Required action
All of the data below is to be output exactly as written.

[[ Input, beginning ]]

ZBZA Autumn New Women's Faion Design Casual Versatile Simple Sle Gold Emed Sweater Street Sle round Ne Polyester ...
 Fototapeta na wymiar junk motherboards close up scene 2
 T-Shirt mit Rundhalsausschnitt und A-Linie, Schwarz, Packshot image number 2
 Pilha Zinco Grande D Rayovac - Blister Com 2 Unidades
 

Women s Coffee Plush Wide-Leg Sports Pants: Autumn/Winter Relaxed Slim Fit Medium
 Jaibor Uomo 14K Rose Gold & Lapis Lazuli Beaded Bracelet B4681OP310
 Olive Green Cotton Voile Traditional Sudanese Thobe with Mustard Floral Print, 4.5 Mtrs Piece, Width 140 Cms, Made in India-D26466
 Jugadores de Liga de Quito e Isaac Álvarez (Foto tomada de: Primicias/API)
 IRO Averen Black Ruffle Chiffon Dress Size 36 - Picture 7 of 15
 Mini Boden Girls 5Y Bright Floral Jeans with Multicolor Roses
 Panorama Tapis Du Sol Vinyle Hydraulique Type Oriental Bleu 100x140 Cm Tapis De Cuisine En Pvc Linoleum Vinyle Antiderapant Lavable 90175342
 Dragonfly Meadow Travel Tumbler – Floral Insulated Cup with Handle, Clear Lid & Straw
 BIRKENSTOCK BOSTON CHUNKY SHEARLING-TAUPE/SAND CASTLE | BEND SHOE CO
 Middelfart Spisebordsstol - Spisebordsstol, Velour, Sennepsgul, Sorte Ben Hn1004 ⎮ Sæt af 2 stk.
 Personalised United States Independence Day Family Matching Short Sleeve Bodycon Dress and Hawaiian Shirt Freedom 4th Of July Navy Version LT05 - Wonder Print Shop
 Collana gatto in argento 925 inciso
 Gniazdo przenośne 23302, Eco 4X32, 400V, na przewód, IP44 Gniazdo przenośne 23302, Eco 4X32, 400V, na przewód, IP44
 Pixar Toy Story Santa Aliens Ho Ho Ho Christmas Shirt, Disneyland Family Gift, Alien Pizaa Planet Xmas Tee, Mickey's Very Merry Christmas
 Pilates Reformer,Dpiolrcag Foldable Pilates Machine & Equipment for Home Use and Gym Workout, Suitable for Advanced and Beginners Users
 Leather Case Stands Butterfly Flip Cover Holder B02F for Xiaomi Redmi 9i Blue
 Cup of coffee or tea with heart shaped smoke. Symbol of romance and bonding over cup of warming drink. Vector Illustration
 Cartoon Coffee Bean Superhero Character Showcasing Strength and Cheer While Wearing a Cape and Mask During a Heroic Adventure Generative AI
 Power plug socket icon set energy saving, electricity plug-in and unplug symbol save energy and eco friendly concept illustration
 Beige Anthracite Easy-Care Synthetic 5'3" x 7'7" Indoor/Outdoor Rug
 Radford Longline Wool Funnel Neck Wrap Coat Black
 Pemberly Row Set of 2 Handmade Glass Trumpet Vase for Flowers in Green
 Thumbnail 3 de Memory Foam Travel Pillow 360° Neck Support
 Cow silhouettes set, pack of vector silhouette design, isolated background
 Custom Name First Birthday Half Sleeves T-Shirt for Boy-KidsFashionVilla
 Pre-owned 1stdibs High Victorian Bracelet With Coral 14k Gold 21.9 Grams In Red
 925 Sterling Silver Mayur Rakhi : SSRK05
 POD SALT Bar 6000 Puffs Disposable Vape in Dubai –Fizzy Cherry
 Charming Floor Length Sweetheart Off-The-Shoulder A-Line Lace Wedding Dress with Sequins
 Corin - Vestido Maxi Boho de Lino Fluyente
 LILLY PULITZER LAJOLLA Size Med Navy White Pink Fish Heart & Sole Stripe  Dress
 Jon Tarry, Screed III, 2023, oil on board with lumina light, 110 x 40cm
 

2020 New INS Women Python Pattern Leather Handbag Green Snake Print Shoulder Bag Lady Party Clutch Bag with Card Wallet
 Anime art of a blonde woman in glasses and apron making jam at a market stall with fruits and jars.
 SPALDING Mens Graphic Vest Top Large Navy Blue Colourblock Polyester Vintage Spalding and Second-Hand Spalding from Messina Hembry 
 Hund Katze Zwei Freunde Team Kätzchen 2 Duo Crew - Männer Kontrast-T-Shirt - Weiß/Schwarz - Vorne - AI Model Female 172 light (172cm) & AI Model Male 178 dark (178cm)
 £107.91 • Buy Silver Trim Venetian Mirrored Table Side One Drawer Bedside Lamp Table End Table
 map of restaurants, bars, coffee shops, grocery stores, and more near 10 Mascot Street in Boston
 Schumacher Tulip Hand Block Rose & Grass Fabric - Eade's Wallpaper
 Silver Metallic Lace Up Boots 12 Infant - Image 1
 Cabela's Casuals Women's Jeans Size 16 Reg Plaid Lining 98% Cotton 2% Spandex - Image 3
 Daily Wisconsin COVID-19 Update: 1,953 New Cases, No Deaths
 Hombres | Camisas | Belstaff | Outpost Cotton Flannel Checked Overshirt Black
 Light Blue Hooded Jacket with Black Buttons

[[ Input, end ]]

Final answer
ZBZA Autumn New Women's Faion Design Casual Versatile Simple Sle Gold Emed Sweater Street Sle round Ne Polyester ...
 Fototapeta na wymiar junk motherboards close up scene 2
 T-Shirt mit Rundhalsausschnitt und A-Linie, Schwarz, Packshot image number 2
 Pilha Zinco Grande D Rayovac - Blister Com 2 Unidades
 

Women s Coffee Plush Wide-Leg Sports Pants: Autumn/Winter Relaxed Slim Fit Medium
 Jaibor Uomo 14K Rose Gold & Lapis Lazuli Beaded Bracelet B4681OP310
 Olive Green Cotton Voile Traditional Sudanese Thobe with Mustard Floral Print, 4.5 Mtrs Piece, Width 140 Cms, Made in India-D26466
 Jugadores de Liga de Quito e Isaac Álvarez (Foto tomada de: Primicias/API)
 IRO Averen Black Ruffle Chiffon Dress Size 36 - Picture 7 of 15
 Mini Boden Girls 5Y Bright Floral Jeans with Multicolor Roses
 Panorama Tapis Du Sol Vinyle Hydraulique Type Oriental Bleu 100x140 Cm Tapis De Cuisine En Pvc Linoleum Vinyle Antiderapant Lavable 90175342
 Dragonfly Meadow Travel Tumbler – Floral Insulated Cup with Handle, Clear Lid & Straw
 BIRKENSTOCK BOSTON CHUNKY SHEARLING-TAUPE/SAND CASTLE | BEND SHOE CO
 Middelfart Spisebordsstol - Spisebordsstol, Velour, Sennepsgul, Sorte Ben Hn1004 ⎮ Sæt af 2 stk.
 Personalised United States Independence Day Family Matching Short Sleeve Bodycon Dress and Hawaiian Shirt Freedom 4th Of July Navy Version LT05 - Wonder Print Shop
 Collana gatto in argento 925 inciso
 Gniazdo przenośne 23302, Eco 4X32, 400V, na przewód, IP44 Gniazdo przenośne 23302, Eco 4X32, 400V, na przewód, IP44
 Pixar Toy Story Santa Aliens Ho Ho Ho Christmas Shirt, Disneyland Family Gift, Alien Pizaa Planet Xmas Tee, Mickey's Very Merry Christmas
 Pilates Reformer,Dpiolrcag Foldable Pilates Machine & Equipment for Home Use and Gym Workout, Suitable for Advanced and Beginners Users
 Leather Case Stands Butterfly Flip Cover Holder B02F for Xiaomi Redmi 9i Blue
 Cup of coffee or tea with heart shaped smoke. Symbol of romance and bonding over cup of warming drink. Vector Illustration
 Cartoon Coffee Bean Superhero Character Showcasing Strength and Cheer While Wearing a Cape and Mask During a Heroic Adventure Generative AI
 Power plug socket icon set energy saving, electricity plug-in and unplug symbol save energy and eco friendly concept illustration
 Beige Anthracite Easy-Care Synthetic 5'3" x 7'7" Indoor/Outdoor Rug
 Radford Longline Wool Funnel Neck Wrap Coat Black
 Pemberly Row Set of 2 Handmade Glass Trumpet Vase for Flowers in Green
 Thumbnail 3 de Memory Foam Travel Pillow 360° Neck Support
 Cow silhouettes set, pack of vector silhouette design, isolated background
 Custom Name First Birthday Half Sleeves T-Shirt for Boy-KidsFashionVilla
 Pre-owned 1stdibs High Victorian Bracelet With Coral 14k Gold 21.9 Grams In Red
 925 Sterling Silver Mayur Rakhi : SSRK05
 POD SALT Bar 6000 Puffs Disposable Vape in Dubai –Fizzy Cherry
 Charming Floor Length Sweetheart Off-The-Shoulder A-Line Lace Wedding Dress with Sequins
 Corin - Vestido Maxi Boho de Lino Fluyente
 LILLY PULITZER LAJOLLA Size Med Navy White Pink Fish Heart & Sole Stripe  Dress
 Jon Tarry, Screed III, 2023, oil on board with lumina light, 110 x 40cm
 

2020 New INS Women Python Pattern Leather Handbag Green Snake Print Shoulder Bag Lady Party Clutch Bag with Card Wallet
 Anime art of a blonde woman in glasses and apron making jam at a market stall with fruits and jars.
 SPALDING Mens Graphic Vest Top Large Navy Blue Colourblock Polyester Vintage Spalding and Second-Hand Spalding from Messina Hembry 
 Hund Katze Zwei Freunde Team Kätzchen 2 Duo Crew - Männer Kontrast-T-Shirt - Weiß/Schwarz - Vorne - AI Model Female 172 light (172cm) & AI Model Male 178 dark (178cm)
 £107.91 • Buy Silver Trim Venetian Mirrored Table Side One Drawer Bedside Lamp Table End Table
 map of restaurants, bars, coffee shops, grocery stores, and more near 10 Mascot Street in Boston
 Schumacher Tulip Hand Block Rose & Grass Fabric - Eade's Wallpaper
 Silver Metallic Lace Up Boots 12 Infant - Image 1
 Cabela's Casuals Women's Jeans Size 16 Reg Plaid Lining 98% Cotton 2% Spandex - Image 3
 Daily Wisconsin COVID-19 Update: 1,953 New Cases, No Deaths
 Hombres | Camisas | Belstaff | Outpost Cotton Flannel Checked Overshirt Black
 Light Blue Hooded Jacket with Black Buttons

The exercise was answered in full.